Mixed precision cuts memory usage and increases throughput, but only if you understand numerical stability. You should know fp16, bf16, loss scaling, gradient overflow, accumulation precision, and when fp32 fallback is necessary.

LoRA / PEFT / fine-tuning

Most real teams do not pretrain from scratch, they adapt existing models. You need to understand full fine-tuning versus PEFT, rank selection, target modules, optimizer state cost, and why a base model that is mismatched to the task can make LoRA look worse than it really is.

Inference optimization

Inference is where product reality hits model ambition. Throughput, latency, prompt length, batching strategy, quantization, memory reuse, and cache policy all matter. Training gets headlines, but inference cost determines whether a product survives.

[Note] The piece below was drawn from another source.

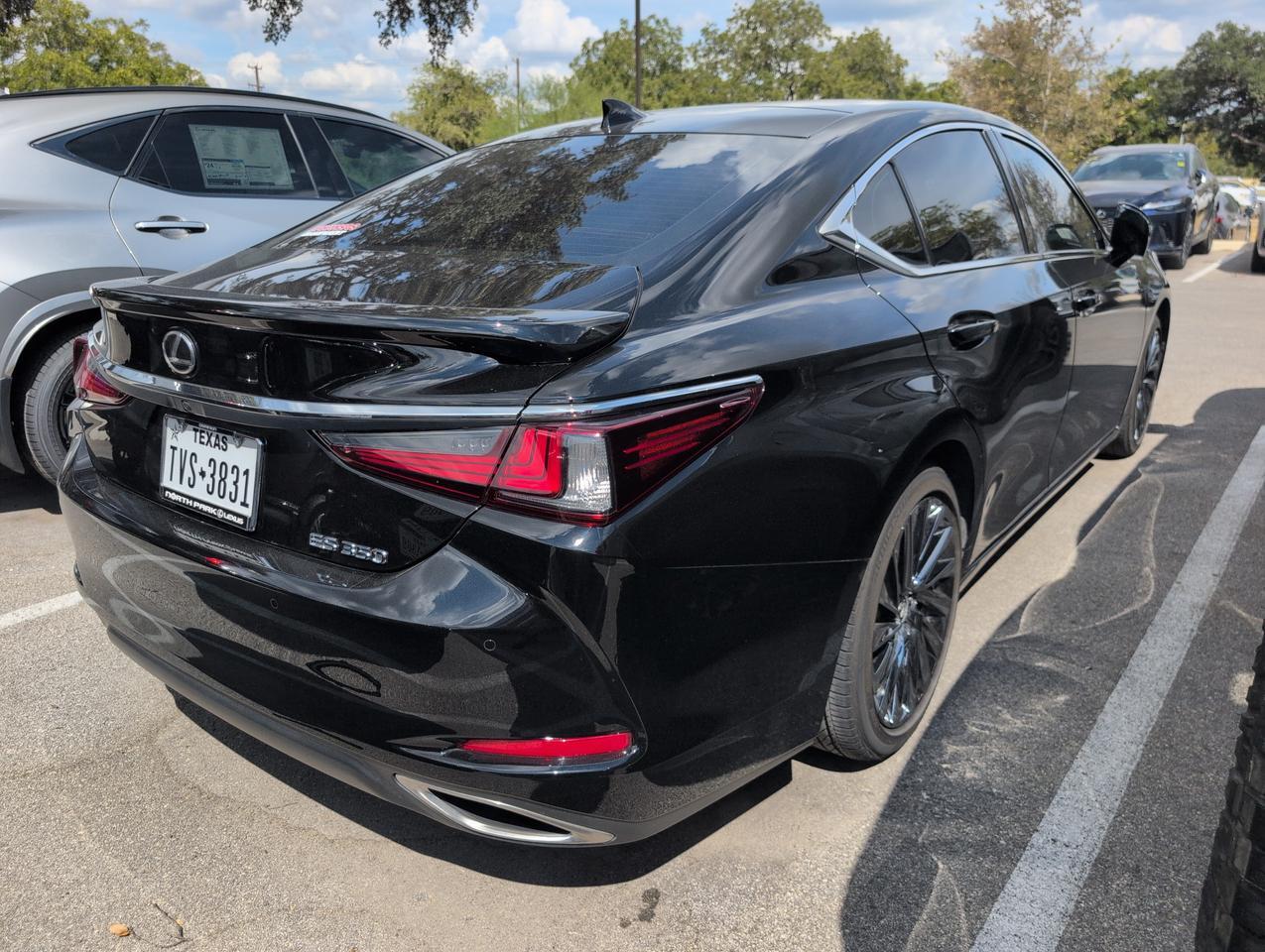 2024 Lexus ES 350 Ultra Luxury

vLLM / tensor parallel / KV cache

Modern serving stacks like vLLM exist because naive autoregressive inference wastes memory and leaves GPUs underutilized. You need to understand paged attention, tensor-parallel layout, KV cache growth, and why long-context serving can become a memory bottleneck before it becomes a compute bottleneck.

Batching and serving

Serving is not just “host the model”. You need dynamic batching, queue control, timeout strategy, concurrency limits, admission control, and fallback behavior. A good serving system protects latency while preserving GPU utilization.

Profiling

If you do not profile, you are guessing. You should be able to inspect kernel time, dataloader stalls, host-device transfer overhead, memory peaks, layer hotspots, and token-per-second throughput. Profiling converts hand-wavy intuition into actual optimization work.

GPU memory management

Modern AI engineering is often memory engineering. You need to reason about activations, optimizer states, gradients, checkpoints, KV cache, fragmentation, sequence length, micro-batches, and memory offloading. A lot of “model scaling” is just learning how not to run out of VRAM.